Петр Иваныч — с похмелья. Он повис кудлатой своей растрепанной головой над деревянной чашкой с солеными огурцами и квашеной капустой, громко чавкает и страшно выворачивает до невозможности косые глаза. На нем синяя выгоревшая рубашка с расстегнутым воротом. Приходу Яшки Петр Иваныч сильно обрадовался. Оторвался от чашки и захрипел пропитым голосом:
— Яшка, дай на похмелку! Вчера был в гостях у солдатки, все до копейки промотал.
— Штаны-то не позабыл? — сладенько улыбается Яшка.
— Штаны на мне, да в карманах пусто. — Он хитро подмигивает Яшке косым глазом. — Сам должен понимать… Дашь, что ли, на похмелку?
И когда Яшка соглашается, он стучит кулаком в переборку к своему хозяину:
— Захар Степаныч, пришли-ка с внучкой Грушей диковинку.
— За наличные только, Петр Иваныч, — с кашлем отвечает хозяин.
— Серебром плачу, — хрипит писарь.
— Вы мне деньги просуньте в трещинку, а Грушка диковинку живым мигом принесет.
Выпив бутылку, они требуют другую. Пьет писарь очень забавно. Откинувшись круто назад, он заправляет полрюмки в кадык и взмахом согнутой в локте руки выплескивает водку в горло. Потом сладко урчит, поглаживает себя по брюху, берет щепотью капусту и бросает в рот. Отряхнув с пальцев рассол, поспешно наливает следующую рюмку.
Яшка цедит водку, вцепившись в край стакана белыми ровными зубами. По обыкновению, он скоро хмелеет, и его черномазое лицо начинает маслено блестеть.
В пьяном виде у Петра Иваныча разговор только про женщин. Он глядит на убегающую из комнаты Грушу-подростка, на ее длинные голые ноги, выглядывающие из-под короткого платьишка, и жмурится. В пьяные свои рассказы вплетает отрывки были, выдумки застарелого холостяка — плод расстроенного водкой воображения:
— …Женщин я не считаю, тем более коль скоро разве пять лет тому назад — до ста тринадцати досчитал и счет потерял. Интересу не стало считать. А вот девчонки — самый вальяж. От вдовиц слез испуганного чувства не получишь. Коровы пестрые. Придет в Совет: «Петр Иваныч, заявленьице насчет льготных дровишек напишите…» — «А-а, коль скоро вам заявление, разве баню истопите, да меня, холостяка, тем более, пригласите?» Конечно, поломается сперва, потом моментально дает один и тот же логический ответ. Э, меня не обманешь, сперва истопи, а там и заявление… Со всякими просьбами я вдовицам теперь в один день велю приходить — в пятницу. Святой день, предбанный. У меня закон: ни одной буквы даром, категорически и безусловно.

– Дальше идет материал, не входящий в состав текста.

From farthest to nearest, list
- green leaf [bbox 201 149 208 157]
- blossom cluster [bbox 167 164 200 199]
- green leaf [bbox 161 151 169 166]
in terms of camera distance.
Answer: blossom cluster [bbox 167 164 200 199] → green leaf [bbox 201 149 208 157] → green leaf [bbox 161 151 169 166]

Петр Иваныч припадает к Яшкину лицу, брызжет слюной:
— Помню, на царском фронте. Бежим, пятки втыкаются. Коль скоро устали — привал. Село польское… Ах, польки! — захлебывается Петр Иваныч. — Коль скоро разве — тем более польки! — это котел смолы кипящей…
— Хи-хи-хи! — заливается кто-то сзади них дряблым смешком. — Это-с уголовное деяньице, предусмотренное определенной статьей уголовного кодекса, наказуемое от…
Яшка и писарь поворачивают головы. Позади них, с брезентовым портфелем под мышкой, согнувшись, стоит бывший секретарь нарсуда 4-го участка Игнатий Тараканов. За нехорошие дела его выгнали со службы и чуть было не посадили в тюрьму. Игнатий назубок знает законы и занимается негласным адвокатством по всяким скандальным делам. Он — карлик ростом, ножки ухватом, широкоплеч и ряб. На лице его — реденькая жесткая щетинка. Маленькие черные глазки Тараканов прячет за большими очками. Он — страстный кроликовод, от него всегда пахнет не то козлом, не то сопревшим навозом. В движениях бывший секретарь по-кошачьи мягок и неслышен.
— Насчет вдовиц — уголовно наказуемое деяние, именуемое принуждением к сожительству с использованием служебного положения, — хихикает Игнатий. Он кладет на стол толстый портфель, покряхтывая, снимает и протирает очки. — Только сейчас с заседания судебного, из Стожаров, — братьев Промзиных делили… Ну и дураки! — всплескивает он руками. — До суда дрались, ко мне бегали, каждый на свою сторону тянул. Денег сколько мне перетаскали… А на суде помирились и сказали, что хотят вместе жить… Ну что ж, нам же хорошо. После нового урожая опять дележ затеют, опять ко мне будут бегать. С морозца я бы рюмашечку не отказался-с…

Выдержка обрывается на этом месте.